Stinkin’ fresh
Think in French
Think in French describe their own sound as "'Lousy,’ a mix of loud and noisy. We want to be the loudest band in Reno,” says guitarist/vocalist/bassist Clint Neuerburg, “Our goal right now is to buy more amps.”
“It’s definitely like walking through a construction site,” says bassist/guitarist/vocalist Kyle Akins, of the band’s sound.
“Yeah, hard hats, no shirts,” concludes guitarist Mike Modene.
The “lousy” sound ranges from reverb and tremolo-drenched indie rock to squiggly guitar raunch in a way that’s reminiscent of mid-90s underground/college shoegazer rock (think Swervedriver or Sonic Youth’s ‘90s releases). It’s a sound that blends effects-laden guitar noise with conventionally structured songs.
This is the kind of band that will sometimes leave guitars lying on the floor or leaning against amps and manipulate the feedback using floor pedals.
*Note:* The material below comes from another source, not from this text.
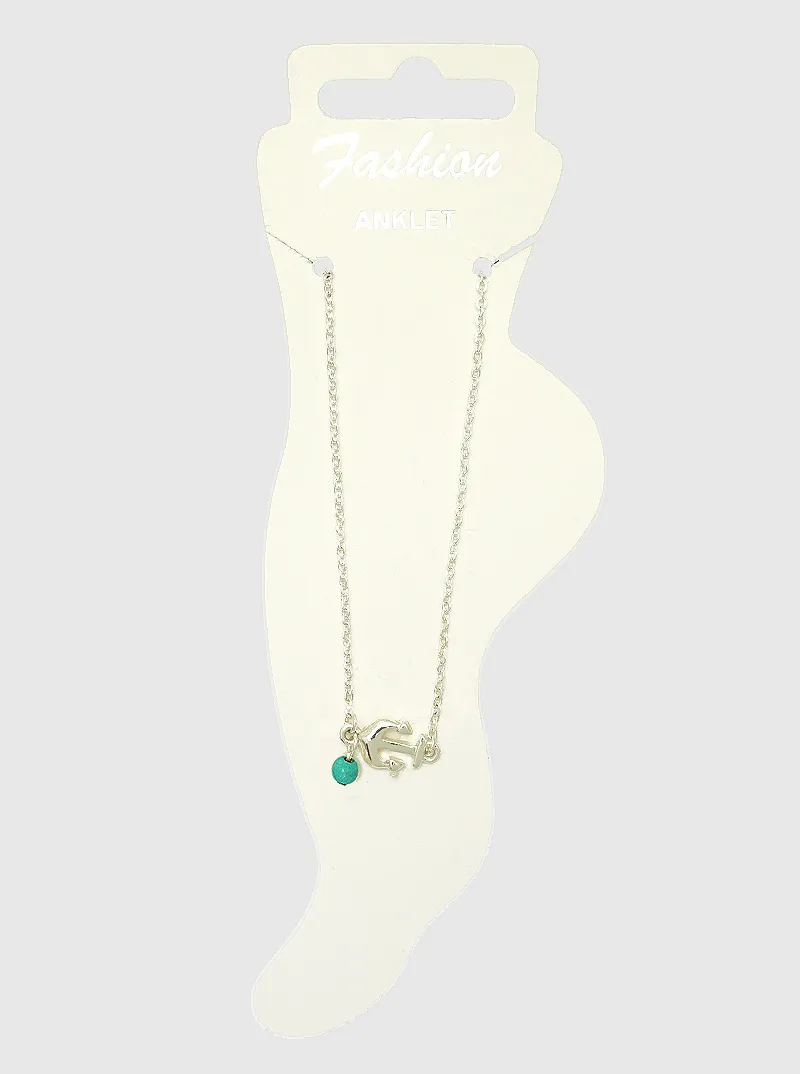 Anchor Turquoise Bead Charm Nautical Anklet
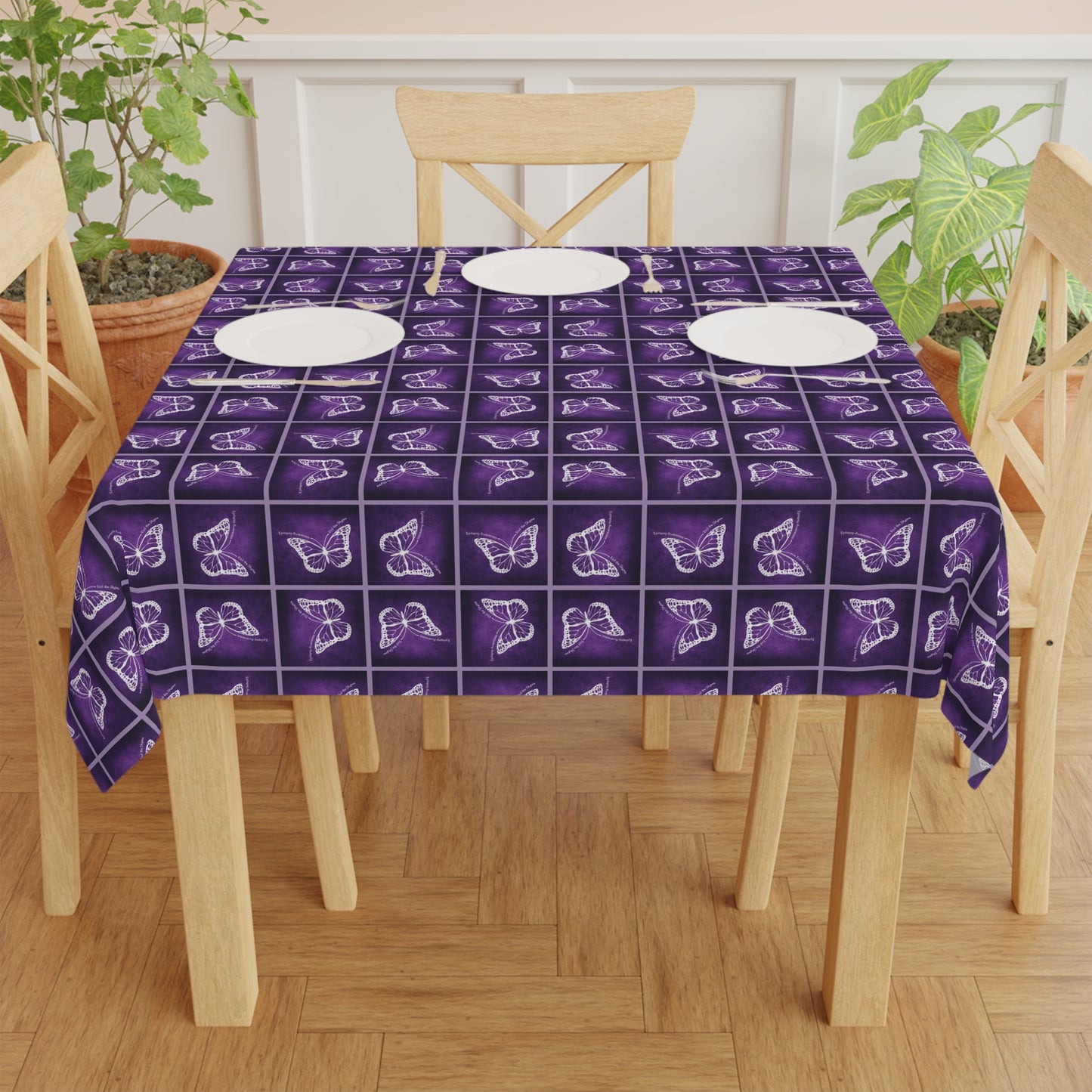 Purple Butterfly Design Purple Tablecloth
Their “secret weapons"are the Boss DD6 digital delay pedals that all three guitarists use. Using these pedals, high volume and a high-energy approach, the band creates swirling, quasi-psychedelic clusters of sound.
“It’s not so much that I like noise—I just really like feedback,” says Neuerburg.
The three guitarists met when they were all employees at the local branch of a certain monolithic music store, and the aesthetics of well-versed record store clerks are evident in the band’s sound. They joined forces with drummer Zdenda Mlika. Mlika is originally from the Czech Republic, where he started off as a guitar player before discovering the drums.
Neuerburg sings with a throaty shout, Akins with an offhand whisper, but both admit that lyrics take a backseat to the music. The songs are tightly structured. “A Fire of this Magnitude Must be Contained” and “Song A” feature sudden drops into silence that return to on-the-dime rock-outs. “Brooklyn Ghosts” features jittery rock riffs. Apparently chaotic breakdowns morph seamlessly into more melodic material.
Modene and Akins are both left-handed. Part of the band’s off-kilter guitar sound might come from the fact that Modene plays a right-handed guitar held upside down. The bass and treble strings are reversed and, in order to make basic chord shapes, Modene must finger them backwards. “It makes some stuff a lot harder,” says Modene. “But other things are easier.”
The band’s paradoxical name—it’s in English, after all—was excerpted from a Sharpie-decorated T-shirt of Akins. One band button features a rather incongruous picture of Albert Einstein, a German-born American citizen known more for thinking on the abstract plane than in French.
The name is occasionally misunderstood by excited and hard- of-hearing music fans as “Stinkin’ Fresh.”